(Entries taken from a collection)
━━━━━━━━━━━━━━━━━━━━━━━━━━━━━━

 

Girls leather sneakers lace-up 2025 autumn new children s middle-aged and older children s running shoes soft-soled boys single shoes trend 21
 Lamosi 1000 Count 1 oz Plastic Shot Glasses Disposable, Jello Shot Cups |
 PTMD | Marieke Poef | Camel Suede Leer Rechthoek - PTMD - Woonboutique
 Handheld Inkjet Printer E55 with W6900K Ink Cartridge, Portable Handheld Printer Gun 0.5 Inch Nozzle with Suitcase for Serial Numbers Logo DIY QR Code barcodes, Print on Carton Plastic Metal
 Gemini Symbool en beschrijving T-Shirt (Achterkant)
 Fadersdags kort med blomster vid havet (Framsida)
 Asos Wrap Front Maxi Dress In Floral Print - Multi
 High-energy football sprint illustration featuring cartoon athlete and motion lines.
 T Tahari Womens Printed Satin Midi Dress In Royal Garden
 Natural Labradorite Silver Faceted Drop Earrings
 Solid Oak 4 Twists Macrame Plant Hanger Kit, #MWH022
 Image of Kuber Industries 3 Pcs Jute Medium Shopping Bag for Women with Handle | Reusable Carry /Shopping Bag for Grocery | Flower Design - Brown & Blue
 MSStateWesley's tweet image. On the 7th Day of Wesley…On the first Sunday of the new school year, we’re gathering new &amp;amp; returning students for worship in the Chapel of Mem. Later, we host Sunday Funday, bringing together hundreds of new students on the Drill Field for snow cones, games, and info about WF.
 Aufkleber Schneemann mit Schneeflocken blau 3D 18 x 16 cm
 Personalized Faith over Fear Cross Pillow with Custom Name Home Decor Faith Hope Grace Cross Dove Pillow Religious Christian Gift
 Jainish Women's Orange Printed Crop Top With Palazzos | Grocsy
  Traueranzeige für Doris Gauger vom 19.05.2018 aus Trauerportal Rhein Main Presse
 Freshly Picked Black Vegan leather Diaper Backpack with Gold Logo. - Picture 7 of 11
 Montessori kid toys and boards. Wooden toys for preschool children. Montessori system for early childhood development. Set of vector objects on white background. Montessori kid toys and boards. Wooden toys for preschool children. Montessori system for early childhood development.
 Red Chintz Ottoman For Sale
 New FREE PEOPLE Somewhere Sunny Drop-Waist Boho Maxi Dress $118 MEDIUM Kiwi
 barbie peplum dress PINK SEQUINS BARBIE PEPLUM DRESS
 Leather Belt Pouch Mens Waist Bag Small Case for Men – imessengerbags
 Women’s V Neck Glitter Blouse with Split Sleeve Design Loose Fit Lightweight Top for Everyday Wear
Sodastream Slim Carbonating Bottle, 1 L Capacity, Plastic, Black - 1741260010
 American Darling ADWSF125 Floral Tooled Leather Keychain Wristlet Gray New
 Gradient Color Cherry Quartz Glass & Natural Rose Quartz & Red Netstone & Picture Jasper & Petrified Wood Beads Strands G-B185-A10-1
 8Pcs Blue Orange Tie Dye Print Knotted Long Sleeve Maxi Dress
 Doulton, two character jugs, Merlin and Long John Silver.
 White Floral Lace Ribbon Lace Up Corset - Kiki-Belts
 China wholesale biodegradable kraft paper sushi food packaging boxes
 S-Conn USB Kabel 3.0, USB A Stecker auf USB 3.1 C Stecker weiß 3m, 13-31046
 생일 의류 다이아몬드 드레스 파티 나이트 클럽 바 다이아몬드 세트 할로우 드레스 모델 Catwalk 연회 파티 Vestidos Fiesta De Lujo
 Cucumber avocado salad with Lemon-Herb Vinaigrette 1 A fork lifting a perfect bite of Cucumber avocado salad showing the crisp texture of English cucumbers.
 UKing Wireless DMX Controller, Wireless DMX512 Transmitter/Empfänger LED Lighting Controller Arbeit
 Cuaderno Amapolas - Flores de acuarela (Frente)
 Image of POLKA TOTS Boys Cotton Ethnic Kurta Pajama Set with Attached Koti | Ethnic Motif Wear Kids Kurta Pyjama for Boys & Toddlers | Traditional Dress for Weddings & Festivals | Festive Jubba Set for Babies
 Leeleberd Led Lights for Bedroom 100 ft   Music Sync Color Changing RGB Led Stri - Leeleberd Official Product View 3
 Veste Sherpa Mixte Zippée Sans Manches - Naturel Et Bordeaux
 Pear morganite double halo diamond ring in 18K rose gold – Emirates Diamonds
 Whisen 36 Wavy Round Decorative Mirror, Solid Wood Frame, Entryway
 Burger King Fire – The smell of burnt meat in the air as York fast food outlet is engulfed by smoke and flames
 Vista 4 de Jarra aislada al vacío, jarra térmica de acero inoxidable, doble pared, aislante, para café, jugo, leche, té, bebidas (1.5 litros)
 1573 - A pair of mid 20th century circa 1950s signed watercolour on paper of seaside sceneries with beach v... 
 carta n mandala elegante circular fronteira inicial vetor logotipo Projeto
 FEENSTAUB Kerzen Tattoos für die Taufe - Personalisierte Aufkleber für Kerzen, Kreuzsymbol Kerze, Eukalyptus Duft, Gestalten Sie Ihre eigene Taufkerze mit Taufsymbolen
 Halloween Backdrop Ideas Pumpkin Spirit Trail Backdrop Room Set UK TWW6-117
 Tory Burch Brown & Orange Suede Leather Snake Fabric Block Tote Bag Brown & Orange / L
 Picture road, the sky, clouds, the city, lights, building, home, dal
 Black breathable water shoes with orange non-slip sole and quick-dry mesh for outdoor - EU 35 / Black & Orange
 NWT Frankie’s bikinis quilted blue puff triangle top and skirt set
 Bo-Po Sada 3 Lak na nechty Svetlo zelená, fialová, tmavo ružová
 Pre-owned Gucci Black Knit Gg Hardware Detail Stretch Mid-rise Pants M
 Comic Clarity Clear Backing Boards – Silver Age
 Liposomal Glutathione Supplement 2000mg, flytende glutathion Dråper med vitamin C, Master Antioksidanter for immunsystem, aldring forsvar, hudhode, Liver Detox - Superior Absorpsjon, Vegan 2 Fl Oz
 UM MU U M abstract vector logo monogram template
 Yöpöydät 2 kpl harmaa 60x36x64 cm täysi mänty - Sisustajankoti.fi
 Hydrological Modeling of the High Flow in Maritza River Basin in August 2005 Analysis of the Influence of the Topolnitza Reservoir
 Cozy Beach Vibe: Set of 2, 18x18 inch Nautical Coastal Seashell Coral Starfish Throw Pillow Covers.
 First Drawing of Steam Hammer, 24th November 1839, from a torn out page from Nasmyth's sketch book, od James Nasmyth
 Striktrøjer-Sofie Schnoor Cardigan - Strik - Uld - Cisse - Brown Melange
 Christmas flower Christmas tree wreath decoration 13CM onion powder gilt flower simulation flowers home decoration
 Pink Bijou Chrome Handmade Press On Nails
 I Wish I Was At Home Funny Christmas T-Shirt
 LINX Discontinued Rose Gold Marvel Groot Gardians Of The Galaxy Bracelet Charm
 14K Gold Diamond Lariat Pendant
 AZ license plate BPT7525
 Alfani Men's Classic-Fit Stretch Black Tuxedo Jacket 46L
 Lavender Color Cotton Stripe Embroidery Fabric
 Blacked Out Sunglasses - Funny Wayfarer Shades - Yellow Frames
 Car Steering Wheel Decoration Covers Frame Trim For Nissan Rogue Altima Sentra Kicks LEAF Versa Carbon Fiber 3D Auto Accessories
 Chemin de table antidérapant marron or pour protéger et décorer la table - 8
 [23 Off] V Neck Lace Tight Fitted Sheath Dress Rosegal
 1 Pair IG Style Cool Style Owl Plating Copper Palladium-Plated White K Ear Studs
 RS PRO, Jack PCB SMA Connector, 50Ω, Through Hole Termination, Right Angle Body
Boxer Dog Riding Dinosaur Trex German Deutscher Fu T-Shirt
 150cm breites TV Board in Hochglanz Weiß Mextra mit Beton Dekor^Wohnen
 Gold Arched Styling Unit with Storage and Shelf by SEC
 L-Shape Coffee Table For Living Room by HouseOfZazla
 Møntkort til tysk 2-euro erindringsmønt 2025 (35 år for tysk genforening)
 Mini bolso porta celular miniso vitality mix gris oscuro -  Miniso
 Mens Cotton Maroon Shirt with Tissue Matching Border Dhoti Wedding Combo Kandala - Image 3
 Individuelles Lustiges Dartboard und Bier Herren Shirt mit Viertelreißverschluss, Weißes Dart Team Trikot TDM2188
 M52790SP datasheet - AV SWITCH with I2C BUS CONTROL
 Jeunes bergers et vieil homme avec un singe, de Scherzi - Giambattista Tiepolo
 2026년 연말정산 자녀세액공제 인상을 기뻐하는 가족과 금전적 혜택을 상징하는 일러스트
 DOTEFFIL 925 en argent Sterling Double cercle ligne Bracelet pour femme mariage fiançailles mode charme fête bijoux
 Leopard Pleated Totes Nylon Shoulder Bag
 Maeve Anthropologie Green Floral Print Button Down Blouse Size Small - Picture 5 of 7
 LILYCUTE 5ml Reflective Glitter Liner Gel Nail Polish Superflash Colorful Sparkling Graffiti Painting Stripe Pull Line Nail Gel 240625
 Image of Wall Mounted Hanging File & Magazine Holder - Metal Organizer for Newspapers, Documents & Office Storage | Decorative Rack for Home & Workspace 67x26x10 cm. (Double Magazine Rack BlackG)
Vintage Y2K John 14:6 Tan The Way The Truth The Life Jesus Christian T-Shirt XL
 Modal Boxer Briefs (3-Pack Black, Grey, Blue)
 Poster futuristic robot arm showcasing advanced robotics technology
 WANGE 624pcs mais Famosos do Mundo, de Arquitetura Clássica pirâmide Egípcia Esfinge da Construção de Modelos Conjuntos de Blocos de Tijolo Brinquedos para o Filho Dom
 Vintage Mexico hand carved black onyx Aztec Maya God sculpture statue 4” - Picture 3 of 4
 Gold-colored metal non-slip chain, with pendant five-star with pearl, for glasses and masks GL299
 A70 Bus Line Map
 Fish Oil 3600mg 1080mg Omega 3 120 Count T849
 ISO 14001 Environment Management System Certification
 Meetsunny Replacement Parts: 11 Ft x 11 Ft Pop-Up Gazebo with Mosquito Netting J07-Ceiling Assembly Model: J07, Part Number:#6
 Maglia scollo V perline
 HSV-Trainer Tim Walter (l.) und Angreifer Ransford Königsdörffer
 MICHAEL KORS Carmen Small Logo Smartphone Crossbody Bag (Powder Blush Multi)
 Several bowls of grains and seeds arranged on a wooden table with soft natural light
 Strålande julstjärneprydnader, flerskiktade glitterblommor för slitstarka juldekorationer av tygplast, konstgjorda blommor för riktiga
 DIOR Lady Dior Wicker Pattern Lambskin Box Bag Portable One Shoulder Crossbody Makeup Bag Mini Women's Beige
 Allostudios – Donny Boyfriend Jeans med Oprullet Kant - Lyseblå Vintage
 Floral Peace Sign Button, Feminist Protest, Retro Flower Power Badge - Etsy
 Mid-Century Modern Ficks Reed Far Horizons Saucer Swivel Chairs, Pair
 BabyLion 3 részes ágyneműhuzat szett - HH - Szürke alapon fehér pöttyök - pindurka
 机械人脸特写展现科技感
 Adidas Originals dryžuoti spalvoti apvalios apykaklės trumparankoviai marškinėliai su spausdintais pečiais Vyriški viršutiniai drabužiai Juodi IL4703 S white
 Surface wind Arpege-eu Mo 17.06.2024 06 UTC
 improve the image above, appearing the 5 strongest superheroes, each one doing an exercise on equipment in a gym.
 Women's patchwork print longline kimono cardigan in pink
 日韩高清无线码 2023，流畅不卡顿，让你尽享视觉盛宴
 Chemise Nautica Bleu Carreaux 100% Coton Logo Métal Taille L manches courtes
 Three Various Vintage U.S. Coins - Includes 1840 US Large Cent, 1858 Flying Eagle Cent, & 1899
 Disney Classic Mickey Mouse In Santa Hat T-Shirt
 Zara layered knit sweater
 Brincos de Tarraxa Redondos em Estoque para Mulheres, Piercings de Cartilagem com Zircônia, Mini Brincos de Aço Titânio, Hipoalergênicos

━━━━━━━━━━━━━━━━━━━━━━━━━━━━━━

Return nothing but the lines from the top of the records above through the line that has "Solid Oak 4". Keep each one exact.

→ THE COMPLETED TASK
Girls leather sneakers lace-up 2025 autumn new children s middle-aged and older children s running shoes soft-soled boys single shoes trend 21
 Lamosi 1000 Count 1 oz Plastic Shot Glasses Disposable, Jello Shot Cups |
 PTMD | Marieke Poef | Camel Suede Leer Rechthoek - PTMD - Woonboutique
 Handheld Inkjet Printer E55 with W6900K Ink Cartridge, Portable Handheld Printer Gun 0.5 Inch Nozzle with Suitcase for Serial Numbers Logo DIY QR Code barcodes, Print on Carton Plastic Metal
 Gemini Symbool en beschrijving T-Shirt (Achterkant)
 Fadersdags kort med blomster vid havet (Framsida)
 Asos Wrap Front Maxi Dress In Floral Print - Multi
 High-energy football sprint illustration featuring cartoon athlete and motion lines.
 T Tahari Womens Printed Satin Midi Dress In Royal Garden
 Natural Labradorite Silver Faceted Drop Earrings
 Solid Oak 4 Twists Macrame Plant Hanger Kit, #MWH022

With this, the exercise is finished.